Yes, because entrywise convergence in $M_n(A)$ implies convergence. Indeed, if $a^{(t)}=(a^{(t)}_{kj})$, $a=(a_{kj})$, and $a_{kj}^{(t)}\to a_{kj}$ for each pair $k,j$, then $a^{(t)}\to a$. Below is an argument.

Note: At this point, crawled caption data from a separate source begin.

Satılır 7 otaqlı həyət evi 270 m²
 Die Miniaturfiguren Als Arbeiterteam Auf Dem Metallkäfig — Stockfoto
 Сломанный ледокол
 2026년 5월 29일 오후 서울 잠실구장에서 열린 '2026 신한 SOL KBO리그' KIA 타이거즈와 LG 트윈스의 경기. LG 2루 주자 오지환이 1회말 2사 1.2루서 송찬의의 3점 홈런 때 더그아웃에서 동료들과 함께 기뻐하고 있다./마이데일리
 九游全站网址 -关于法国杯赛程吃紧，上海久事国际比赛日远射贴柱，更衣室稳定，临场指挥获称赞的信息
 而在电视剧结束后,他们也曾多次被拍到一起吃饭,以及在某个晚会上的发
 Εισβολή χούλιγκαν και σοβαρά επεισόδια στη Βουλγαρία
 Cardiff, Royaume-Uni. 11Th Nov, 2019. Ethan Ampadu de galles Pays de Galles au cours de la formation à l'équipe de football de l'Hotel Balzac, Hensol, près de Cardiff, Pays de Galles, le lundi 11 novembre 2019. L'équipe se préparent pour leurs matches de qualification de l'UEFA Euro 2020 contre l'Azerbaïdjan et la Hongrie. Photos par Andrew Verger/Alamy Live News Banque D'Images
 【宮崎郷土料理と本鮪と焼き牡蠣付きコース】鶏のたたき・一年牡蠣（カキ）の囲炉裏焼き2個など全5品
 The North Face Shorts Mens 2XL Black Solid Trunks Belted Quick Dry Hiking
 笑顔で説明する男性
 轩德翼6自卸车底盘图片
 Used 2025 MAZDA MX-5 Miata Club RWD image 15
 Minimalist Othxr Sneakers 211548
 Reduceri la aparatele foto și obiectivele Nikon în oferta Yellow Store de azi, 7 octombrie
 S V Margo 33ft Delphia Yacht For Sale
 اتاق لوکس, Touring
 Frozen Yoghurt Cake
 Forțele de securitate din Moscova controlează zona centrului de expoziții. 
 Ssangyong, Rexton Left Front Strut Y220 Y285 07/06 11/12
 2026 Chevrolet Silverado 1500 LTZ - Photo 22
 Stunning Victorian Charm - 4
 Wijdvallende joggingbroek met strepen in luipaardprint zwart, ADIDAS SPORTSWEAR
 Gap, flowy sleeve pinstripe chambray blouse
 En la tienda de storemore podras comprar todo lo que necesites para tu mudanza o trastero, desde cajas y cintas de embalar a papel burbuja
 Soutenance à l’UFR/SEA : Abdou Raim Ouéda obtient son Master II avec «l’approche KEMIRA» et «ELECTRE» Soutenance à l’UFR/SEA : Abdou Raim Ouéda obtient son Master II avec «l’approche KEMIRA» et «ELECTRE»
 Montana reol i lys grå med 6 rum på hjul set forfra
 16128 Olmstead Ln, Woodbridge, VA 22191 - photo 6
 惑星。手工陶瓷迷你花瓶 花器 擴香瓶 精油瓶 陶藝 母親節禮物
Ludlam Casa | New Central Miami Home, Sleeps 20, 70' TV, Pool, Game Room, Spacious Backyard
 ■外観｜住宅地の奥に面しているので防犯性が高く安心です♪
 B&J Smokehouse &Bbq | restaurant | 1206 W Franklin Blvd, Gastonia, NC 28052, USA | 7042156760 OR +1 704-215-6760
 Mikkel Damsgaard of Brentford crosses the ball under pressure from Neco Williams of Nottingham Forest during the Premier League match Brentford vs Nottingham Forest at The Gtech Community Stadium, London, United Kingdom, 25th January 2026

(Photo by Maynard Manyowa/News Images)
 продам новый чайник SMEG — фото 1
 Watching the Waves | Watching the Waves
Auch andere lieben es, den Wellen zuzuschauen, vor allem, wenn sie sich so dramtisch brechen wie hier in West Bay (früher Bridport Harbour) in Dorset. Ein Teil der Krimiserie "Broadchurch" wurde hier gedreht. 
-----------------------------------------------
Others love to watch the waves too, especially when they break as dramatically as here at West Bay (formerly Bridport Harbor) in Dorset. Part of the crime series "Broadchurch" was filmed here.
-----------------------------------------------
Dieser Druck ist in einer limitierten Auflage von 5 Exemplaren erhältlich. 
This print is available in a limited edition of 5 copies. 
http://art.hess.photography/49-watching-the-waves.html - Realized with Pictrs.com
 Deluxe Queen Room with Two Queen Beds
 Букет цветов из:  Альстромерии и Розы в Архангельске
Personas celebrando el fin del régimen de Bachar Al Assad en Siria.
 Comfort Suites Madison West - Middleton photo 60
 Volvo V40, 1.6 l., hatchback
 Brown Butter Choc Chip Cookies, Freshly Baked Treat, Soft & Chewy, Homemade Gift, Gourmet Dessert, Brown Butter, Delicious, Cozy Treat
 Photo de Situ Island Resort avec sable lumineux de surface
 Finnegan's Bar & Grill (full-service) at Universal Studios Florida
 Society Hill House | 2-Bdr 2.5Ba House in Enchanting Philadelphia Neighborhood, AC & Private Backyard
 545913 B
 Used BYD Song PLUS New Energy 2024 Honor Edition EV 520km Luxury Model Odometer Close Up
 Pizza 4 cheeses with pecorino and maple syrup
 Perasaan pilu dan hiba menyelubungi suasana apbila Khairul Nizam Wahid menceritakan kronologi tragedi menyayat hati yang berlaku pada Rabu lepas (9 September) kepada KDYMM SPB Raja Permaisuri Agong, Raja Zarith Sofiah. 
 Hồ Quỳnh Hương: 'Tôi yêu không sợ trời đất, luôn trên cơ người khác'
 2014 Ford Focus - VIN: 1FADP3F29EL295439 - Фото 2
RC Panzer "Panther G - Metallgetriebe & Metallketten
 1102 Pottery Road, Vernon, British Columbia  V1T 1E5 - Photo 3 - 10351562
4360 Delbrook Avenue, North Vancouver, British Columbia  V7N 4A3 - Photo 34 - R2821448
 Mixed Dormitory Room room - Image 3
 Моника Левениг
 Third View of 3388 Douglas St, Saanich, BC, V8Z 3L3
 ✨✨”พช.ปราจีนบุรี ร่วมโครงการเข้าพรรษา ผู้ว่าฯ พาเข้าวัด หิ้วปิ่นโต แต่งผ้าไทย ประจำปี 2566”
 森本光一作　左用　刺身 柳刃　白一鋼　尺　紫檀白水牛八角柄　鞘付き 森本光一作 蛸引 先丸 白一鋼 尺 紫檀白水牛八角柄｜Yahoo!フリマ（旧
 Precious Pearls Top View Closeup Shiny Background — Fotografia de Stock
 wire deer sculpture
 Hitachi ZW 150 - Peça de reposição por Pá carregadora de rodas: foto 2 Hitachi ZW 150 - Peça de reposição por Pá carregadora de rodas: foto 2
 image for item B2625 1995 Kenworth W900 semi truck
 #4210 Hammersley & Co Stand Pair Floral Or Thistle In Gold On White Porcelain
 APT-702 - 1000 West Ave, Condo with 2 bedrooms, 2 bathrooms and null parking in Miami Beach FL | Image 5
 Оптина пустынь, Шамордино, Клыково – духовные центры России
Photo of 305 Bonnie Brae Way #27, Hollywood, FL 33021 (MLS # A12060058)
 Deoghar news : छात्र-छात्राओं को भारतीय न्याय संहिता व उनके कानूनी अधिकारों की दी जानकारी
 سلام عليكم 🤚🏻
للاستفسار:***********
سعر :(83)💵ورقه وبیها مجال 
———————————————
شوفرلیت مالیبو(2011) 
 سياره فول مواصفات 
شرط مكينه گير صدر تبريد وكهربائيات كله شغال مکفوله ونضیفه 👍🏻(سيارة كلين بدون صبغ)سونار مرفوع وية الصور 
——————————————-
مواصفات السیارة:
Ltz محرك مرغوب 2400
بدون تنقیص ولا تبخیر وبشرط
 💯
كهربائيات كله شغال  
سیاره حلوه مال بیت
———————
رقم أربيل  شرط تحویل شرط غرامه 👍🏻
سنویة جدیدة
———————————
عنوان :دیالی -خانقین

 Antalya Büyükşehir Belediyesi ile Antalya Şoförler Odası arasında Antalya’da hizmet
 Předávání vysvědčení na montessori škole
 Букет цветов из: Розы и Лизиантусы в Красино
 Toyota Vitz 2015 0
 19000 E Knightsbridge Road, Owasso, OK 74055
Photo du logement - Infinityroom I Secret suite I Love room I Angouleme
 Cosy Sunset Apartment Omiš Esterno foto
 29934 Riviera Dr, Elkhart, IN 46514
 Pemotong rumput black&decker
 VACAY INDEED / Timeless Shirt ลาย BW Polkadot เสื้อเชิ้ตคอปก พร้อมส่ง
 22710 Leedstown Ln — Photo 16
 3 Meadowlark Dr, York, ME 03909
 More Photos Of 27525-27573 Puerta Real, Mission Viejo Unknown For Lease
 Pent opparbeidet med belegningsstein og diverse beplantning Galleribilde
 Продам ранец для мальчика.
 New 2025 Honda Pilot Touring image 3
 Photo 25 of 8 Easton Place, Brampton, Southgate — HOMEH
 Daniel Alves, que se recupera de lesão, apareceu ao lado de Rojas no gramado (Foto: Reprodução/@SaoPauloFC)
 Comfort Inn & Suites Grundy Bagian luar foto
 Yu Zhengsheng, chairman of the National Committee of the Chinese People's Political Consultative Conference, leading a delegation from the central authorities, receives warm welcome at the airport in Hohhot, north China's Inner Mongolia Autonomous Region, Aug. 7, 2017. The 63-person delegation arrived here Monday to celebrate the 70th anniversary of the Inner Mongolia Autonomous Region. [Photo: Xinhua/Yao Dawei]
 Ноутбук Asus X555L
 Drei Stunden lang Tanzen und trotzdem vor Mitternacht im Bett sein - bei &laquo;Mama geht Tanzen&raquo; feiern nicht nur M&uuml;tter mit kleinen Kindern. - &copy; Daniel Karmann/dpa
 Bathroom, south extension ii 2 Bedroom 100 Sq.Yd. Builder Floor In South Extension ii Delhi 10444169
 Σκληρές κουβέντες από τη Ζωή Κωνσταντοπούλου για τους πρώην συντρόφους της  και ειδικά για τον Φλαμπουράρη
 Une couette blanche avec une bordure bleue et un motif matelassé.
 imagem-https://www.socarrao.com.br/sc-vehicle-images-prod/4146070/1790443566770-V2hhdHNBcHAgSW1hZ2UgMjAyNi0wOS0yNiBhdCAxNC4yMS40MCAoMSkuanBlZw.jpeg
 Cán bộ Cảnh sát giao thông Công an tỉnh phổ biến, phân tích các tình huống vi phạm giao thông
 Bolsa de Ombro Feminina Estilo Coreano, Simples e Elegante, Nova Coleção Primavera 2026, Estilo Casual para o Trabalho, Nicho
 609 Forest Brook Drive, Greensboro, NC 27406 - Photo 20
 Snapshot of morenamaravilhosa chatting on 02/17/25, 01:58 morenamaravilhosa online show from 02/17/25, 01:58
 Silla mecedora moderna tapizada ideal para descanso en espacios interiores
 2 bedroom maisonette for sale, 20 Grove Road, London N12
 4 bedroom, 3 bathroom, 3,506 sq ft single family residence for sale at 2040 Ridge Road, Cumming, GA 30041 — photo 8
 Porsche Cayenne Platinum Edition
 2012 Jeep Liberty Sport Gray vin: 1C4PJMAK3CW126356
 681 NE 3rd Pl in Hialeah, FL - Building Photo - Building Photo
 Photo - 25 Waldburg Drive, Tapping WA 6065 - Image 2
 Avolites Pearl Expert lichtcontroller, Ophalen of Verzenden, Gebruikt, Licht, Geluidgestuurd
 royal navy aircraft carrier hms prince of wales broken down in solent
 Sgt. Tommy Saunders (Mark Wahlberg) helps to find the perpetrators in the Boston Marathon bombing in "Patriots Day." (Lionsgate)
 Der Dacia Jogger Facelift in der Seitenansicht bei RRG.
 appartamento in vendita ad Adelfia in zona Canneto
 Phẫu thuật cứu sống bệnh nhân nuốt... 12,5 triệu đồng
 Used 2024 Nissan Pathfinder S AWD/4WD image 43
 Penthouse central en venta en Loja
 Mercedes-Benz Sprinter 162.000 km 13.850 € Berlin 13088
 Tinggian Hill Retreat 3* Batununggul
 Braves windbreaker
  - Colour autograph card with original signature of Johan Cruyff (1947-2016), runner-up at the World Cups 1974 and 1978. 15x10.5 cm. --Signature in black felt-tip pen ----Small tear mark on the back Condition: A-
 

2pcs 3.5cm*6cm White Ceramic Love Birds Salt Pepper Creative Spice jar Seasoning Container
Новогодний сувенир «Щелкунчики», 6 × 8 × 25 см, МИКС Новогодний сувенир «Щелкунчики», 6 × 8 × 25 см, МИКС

The norm in $M_n(A)$ is given by the operator norm of the action of $M_n(A)$ on $H^n$, when we represent $A\subset B(H)$. Then, for any $b\in M_n(A)$, we have \begin{align} \|b\|&=\sup\left\{|\langle b\xi,\eta\rangle|:\ \xi,\eta\in H^n,\ \|\xi\|=\|\eta\|=1 \right\}\\ \ \\ &=\sup\left\{\left| \sum_{k,j}\langle b_{kj}\xi_j,\eta_k\rangle\right|:\ \xi,\eta\in H^n,\ \|\xi\|=\|\eta\|=1 \right\}\\ \ \\ &\leq\sup\left\{ \sum_{k,j}|\langle b_{kj}\xi_j,\eta_k\rangle|:\ \xi,\eta\in H^n,\ \|\xi\|=\|\eta\|=1 \right\}\\ \ \\ &\leq\sup\left\{ \sum_{k,j}\| b_{kj}\|\,\|\xi_j\|\,\|\eta_k\|:\ \xi,\eta\in H^n,\ \|\xi\|=\|\eta\|=1 \right\}\\ \ \\ &\leq \sum_{k,j}\| b_{kj}\| \\ \ \\ &\leq n^2\,\max\{\|b_{kj}\|:\ k,j=1,\ldots,n\}\\ \ \\ \end{align} Then $$ \|a^{(t)}-a\|\leq n^2\,\max\{\|a^{(t)}_{kj}-a_{kj}\|:\ k,j=1,\ldots,n\}\to0. $$